«Wir versuchen nicht, ein Sorgentelefon zu sein»
Den Standort ihres Büros will die Nightline geheim halten, externen Personen ist der Zutritt dazu aus Anonymitätsgründen untersagt. Ebenso ist die Identität der freiwilligen Mitarbeitenden am Telefon, im Chat oder Mail, sowie die Identität der Kontaktsuchenden geheim. Die Nightline misst der Anonymität einen hohen Stellenwert zu, weshalb nicht viel über diese bereits 2005 von zwei ETH-Studierenden gegründete Kommission des VSUZH und VSETH bekannt ist. Speziell an der Nightline ist, dass sie am Abend von 20 bis 0 Uhr erreichbar ist, dann wenn viele traditionelle Anlaufstellen bereits geschlossen sind. Dies aus dem Gedanken heraus, dass bedrückende Fragen und Probleme oftmals erst am Abend aufkommen, wenn der Alltagsstress sich legt, erklärt Jacqueline Younger, Vizepräsidentin der Nightline. Sie stellt aber auch klar: «Wir versuchen nicht, ein Sorgentelefon zu sein, sondern eher ein Zuhördienst.» Die Nightline soll für die ganze Bandbreite der Anliegen da sein. Auch einfache Fragen zum Studierendenleben oder wie man die herzige Mitstudentin im Seminar anspricht, sind erwünscht und willkommen.

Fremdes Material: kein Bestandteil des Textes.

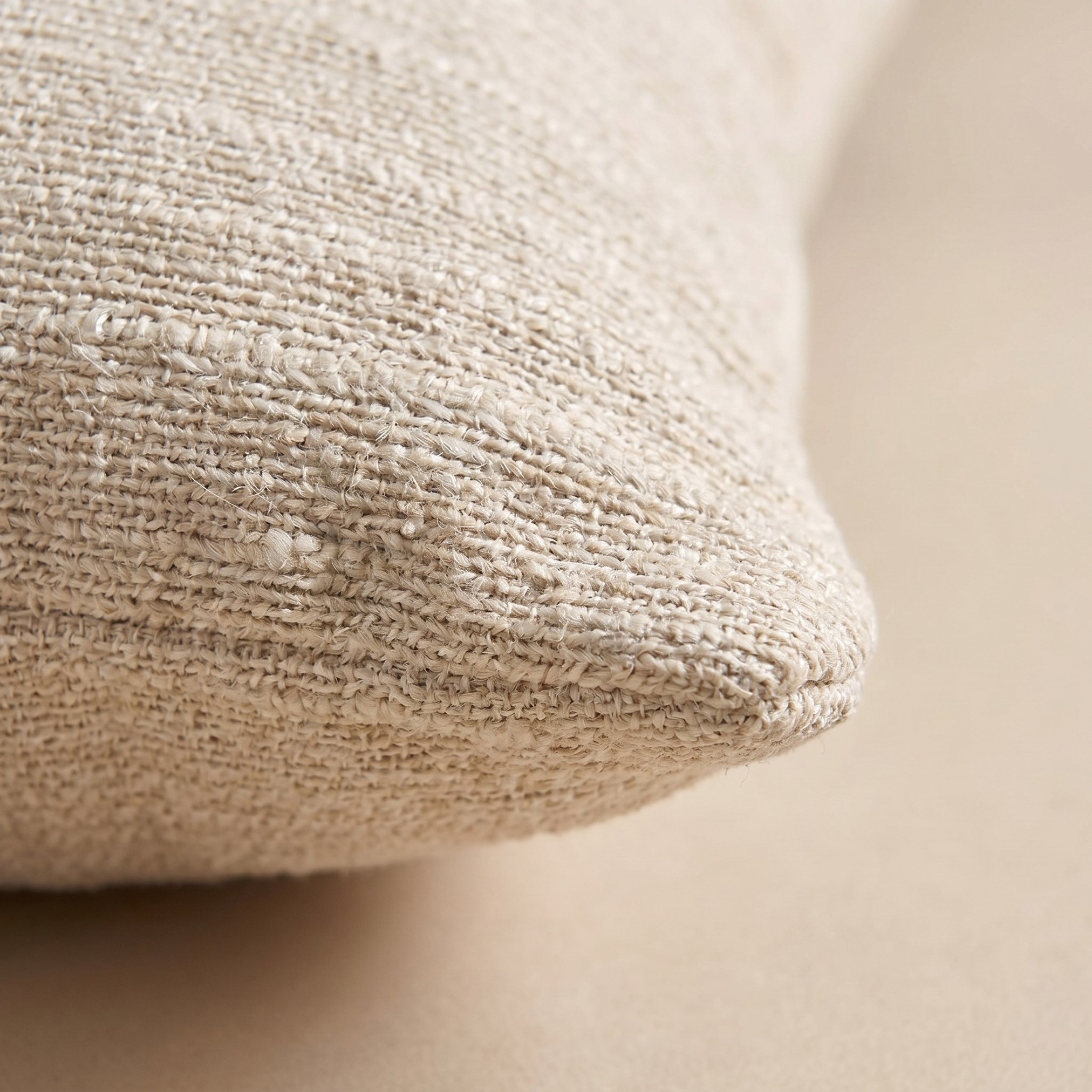 Cozy Duo 2-Piece Lurex Slub Filled Cushion Set - 50x50 cm-hbxhomeware-hbxkidsandyouth-image-3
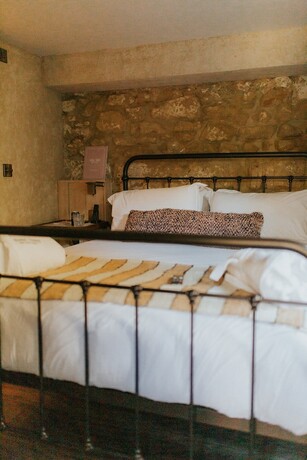 Imagen de la habitación del Hotel Runa Farm. Foto 15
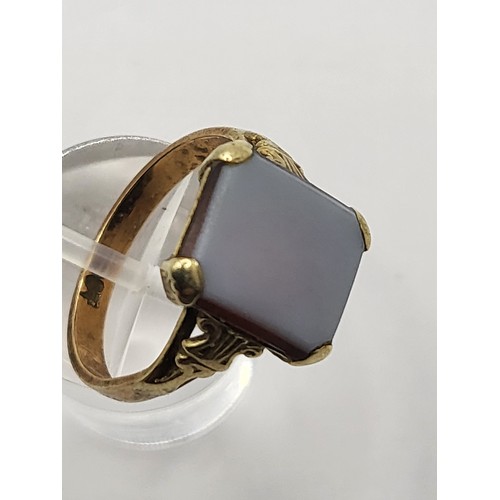 49 - 9ct Gold & Seal Ring Weighs 3.3g Ring Size N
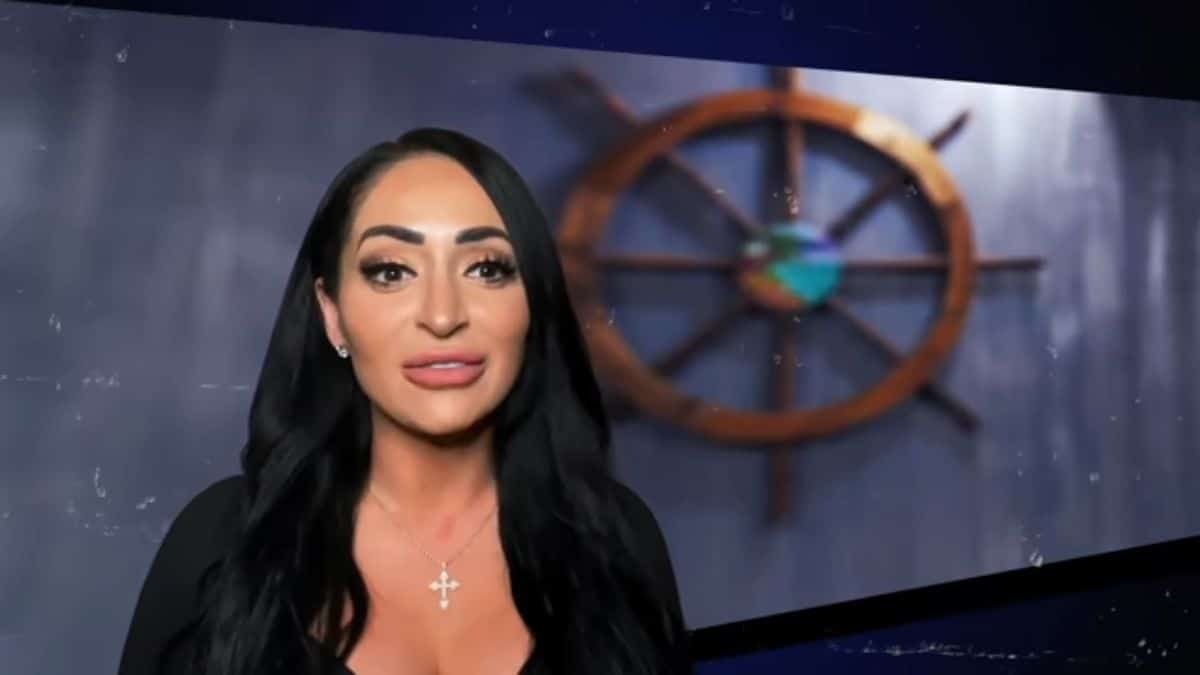 Angelina Pivarnick on Jersey Shore Family Vacation.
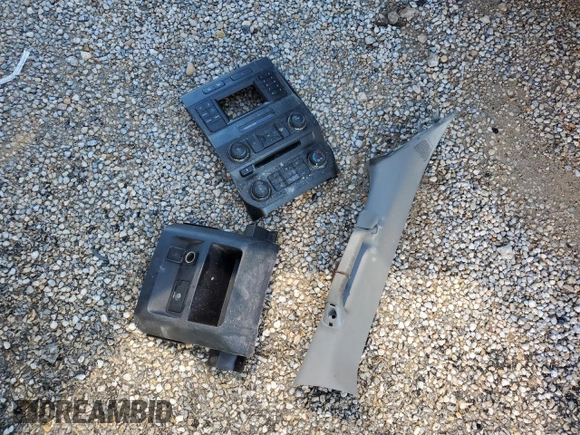 2018 Ford F-350 XL с VIN 1FT8W3BT7JEB64795, выставлен на аукционе Copart как лот 85043604 с пробегом Не указан миль и Списание • Salvage title. История ставок и продаж доступна на DreamBid. Изображение 12.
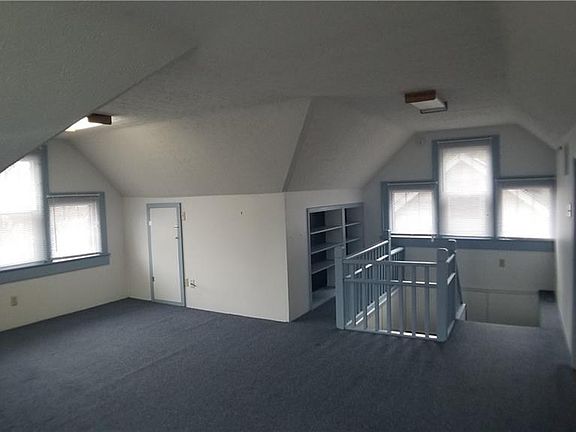 5th image of 2051 Lorena Ave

Beim Zuhördienst Nightline arbeiten rund 50 Studierende. Trotz dieser Grösse ist nicht viel über den Verein bekannt. Die Anonymität steht an höchster Stelle.
Zweitägige Schulung
Die rund 50 Mitarbeitenden der Nightline werden an einer zweitägigen Schulung durch verschiedene Expert*innen auf ihre Aufgabe vorbereitet. Trotzdem kann es zu schwierigen Situationen kommen. V. macht seit zwei Jahren bei der Nightline mit. Sie erinnert sich daran, wie nervös sie bei ihren ersten Telefonaten war, aber auch, wie schnell sich das gelegt hat und durch positive Erfahrungen ersetzt wurde. «Oftmals hört man am Schluss eines Gesprächs, dass es der Person besser geht und dass das Gespräch hilfreich war», sagt sie. Natürlich gebe es aber auch sehr schwierige Anrufe. So hat V. auch schon Gespräche geführt, welche bei ihr noch einige Zeit nachgehallt haben. Alle Gespräche berühren sie auf eine Art, sagt sie, und es sei manchmal schwierig damit umzugehen, dass man nach einem Kontakt keine Möglichkeit hat, zu wissen, wie es der Person ergangen ist.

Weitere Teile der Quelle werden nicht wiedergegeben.